(Items from a dataset)
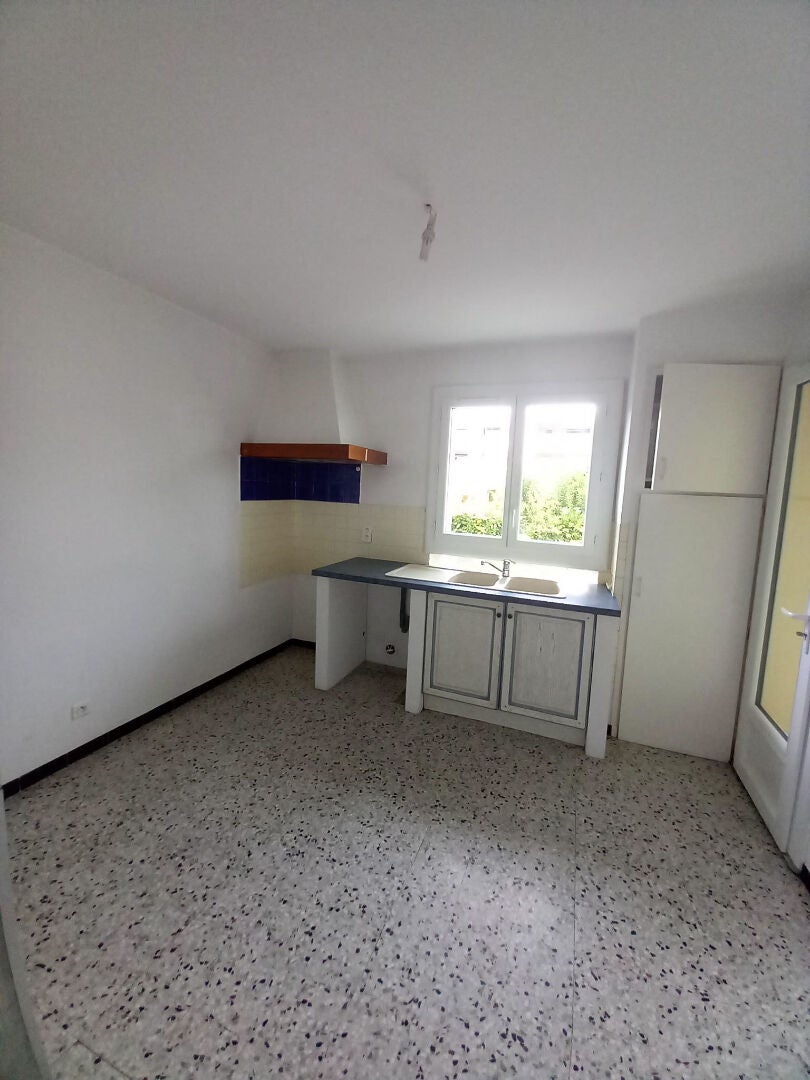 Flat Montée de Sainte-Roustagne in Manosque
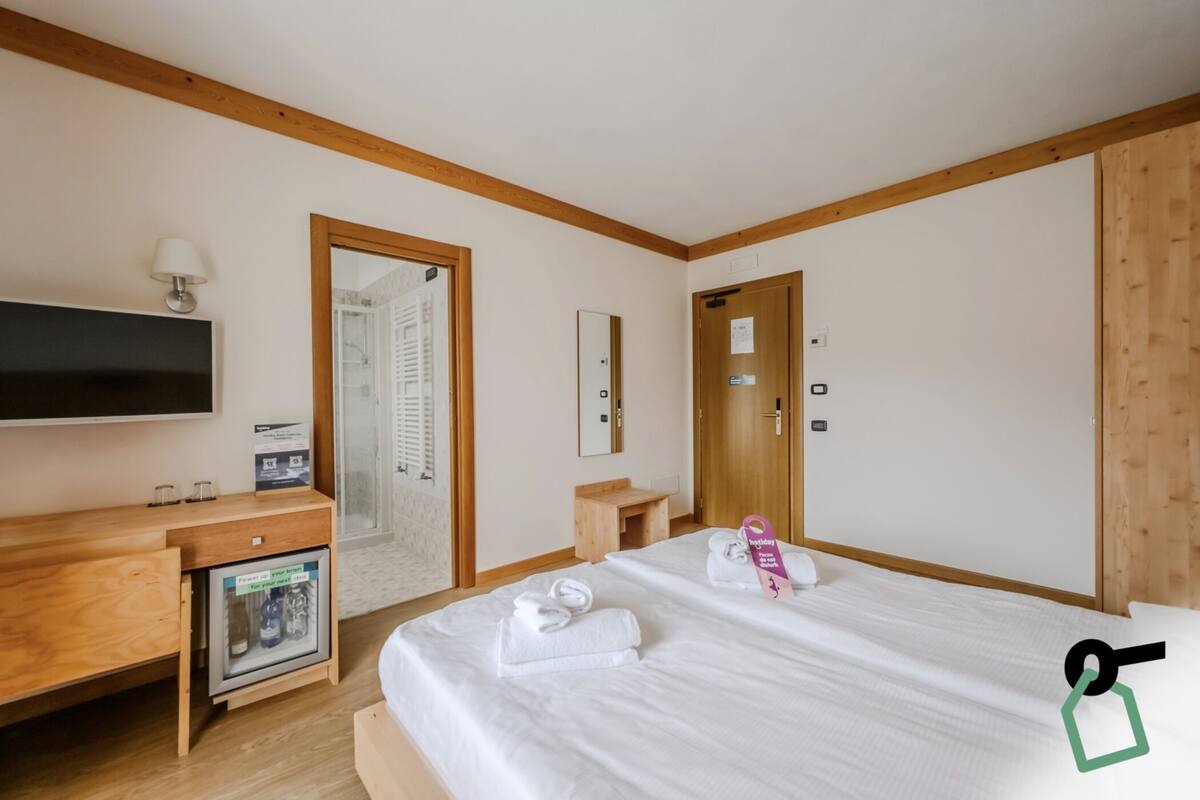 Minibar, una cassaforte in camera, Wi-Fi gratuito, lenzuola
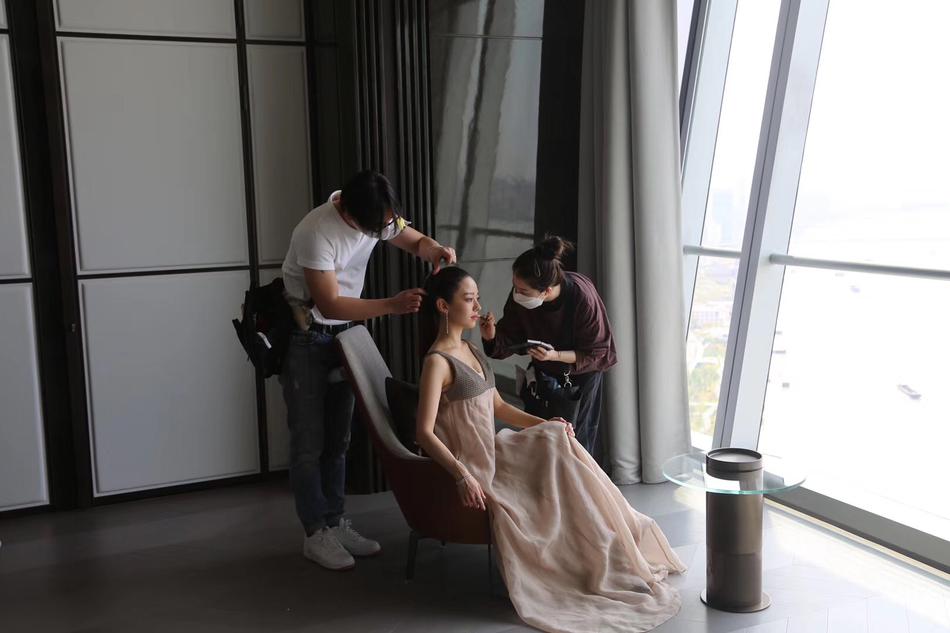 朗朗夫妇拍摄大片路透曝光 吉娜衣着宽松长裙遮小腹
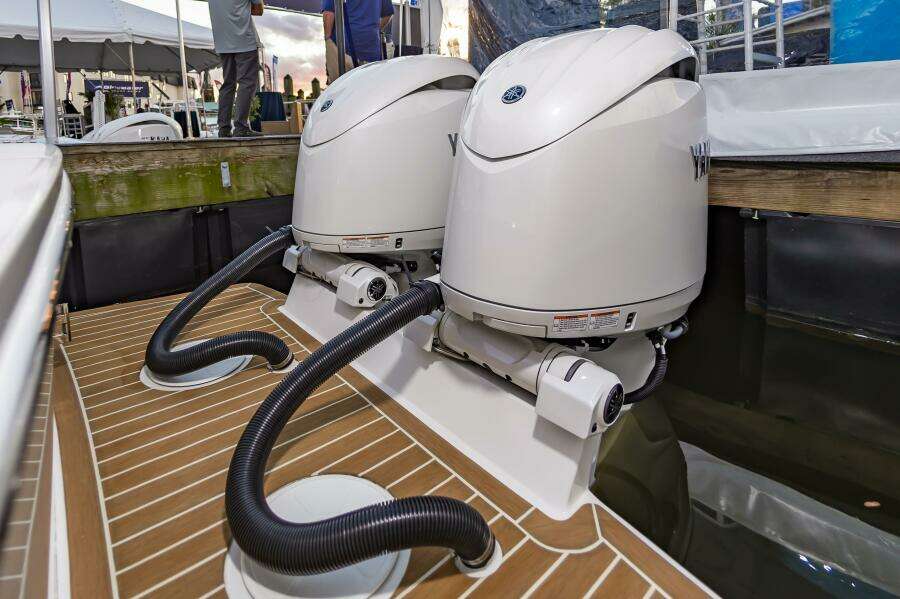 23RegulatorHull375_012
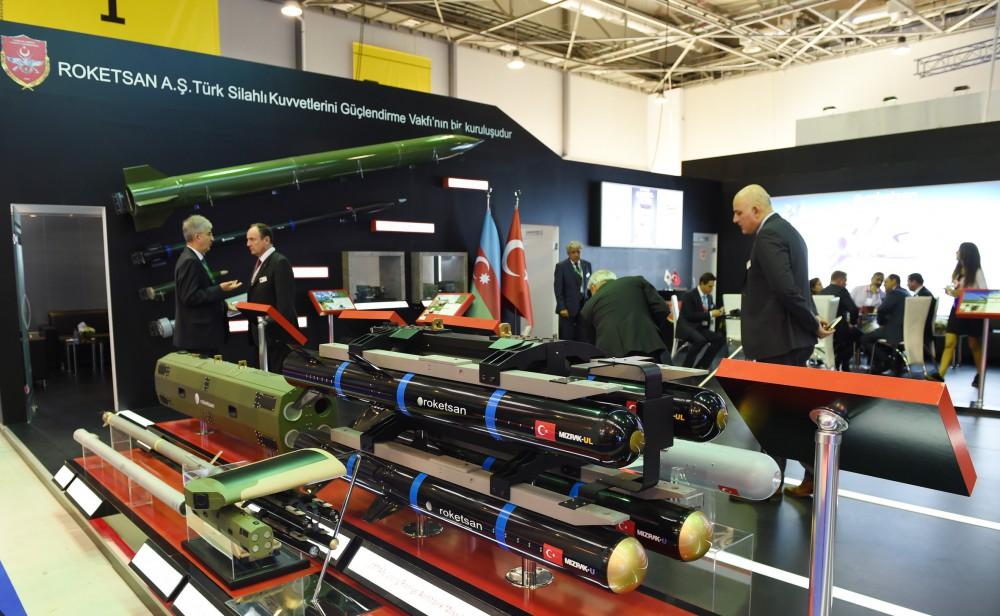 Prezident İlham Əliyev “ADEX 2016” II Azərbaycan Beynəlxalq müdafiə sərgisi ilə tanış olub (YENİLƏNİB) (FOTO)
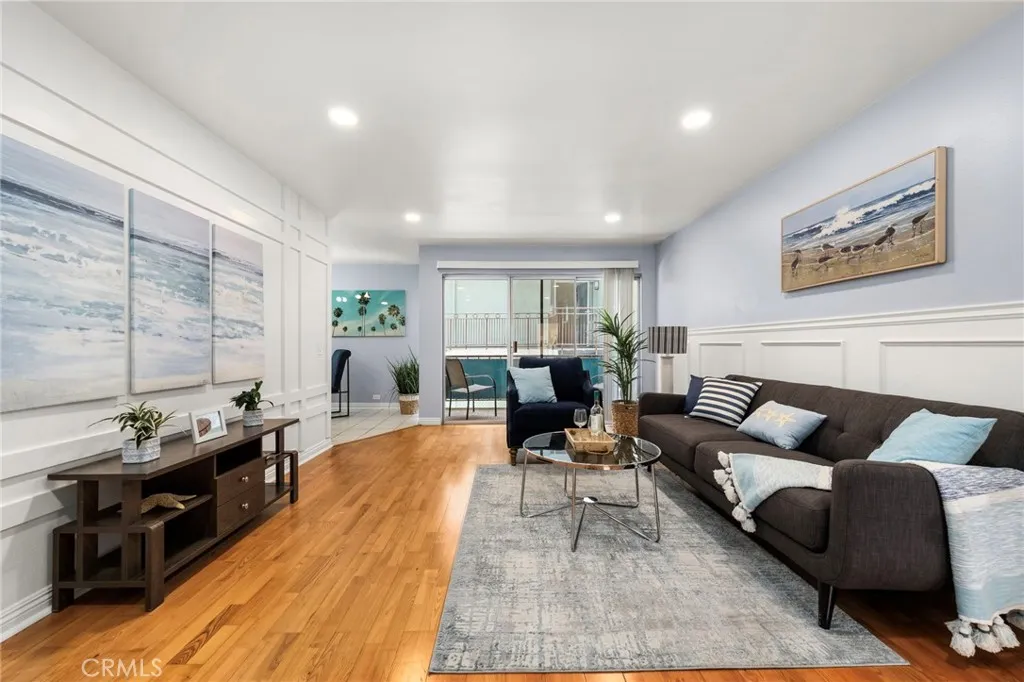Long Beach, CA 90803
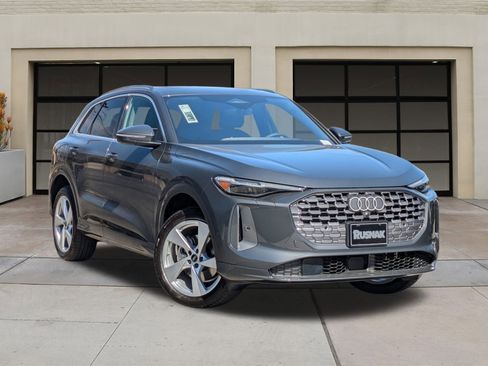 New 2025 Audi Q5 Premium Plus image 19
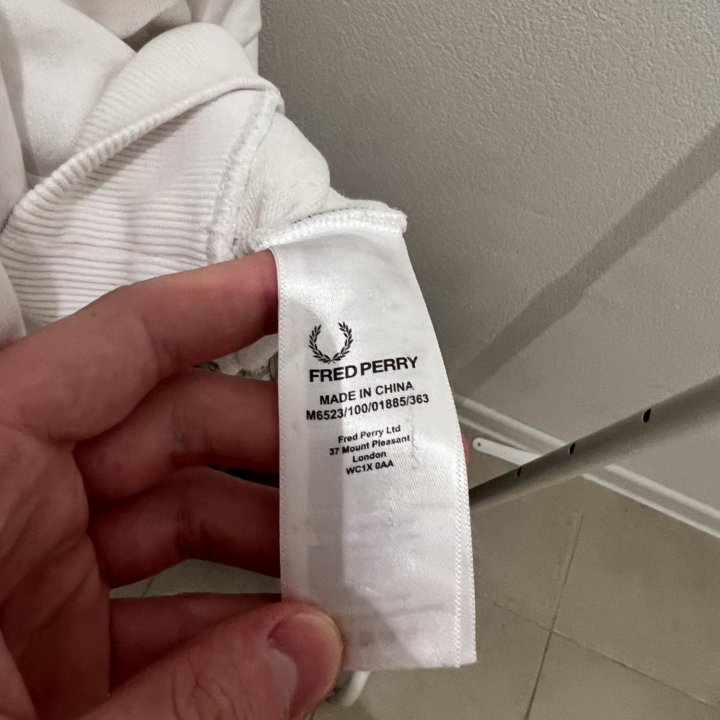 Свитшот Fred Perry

What to work on = Transcribe the whole of the data exactly, minus any pictures.

Response for this exercise =
 Flat Montée de Sainte-Roustagne in Manosque
 Minibar, una cassaforte in camera, Wi-Fi gratuito, lenzuola
 朗朗夫妇拍摄大片路透曝光 吉娜衣着宽松长裙遮小腹
 23RegulatorHull375_012
 Prezident İlham Əliyev “ADEX 2016” II Azərbaycan Beynəlxalq müdafiə sərgisi ilə tanış olub (YENİLƏNİB) (FOTO)
Long Beach, CA 90803
 New 2025 Audi Q5 Premium Plus image 19
 Свитшот Fred Perry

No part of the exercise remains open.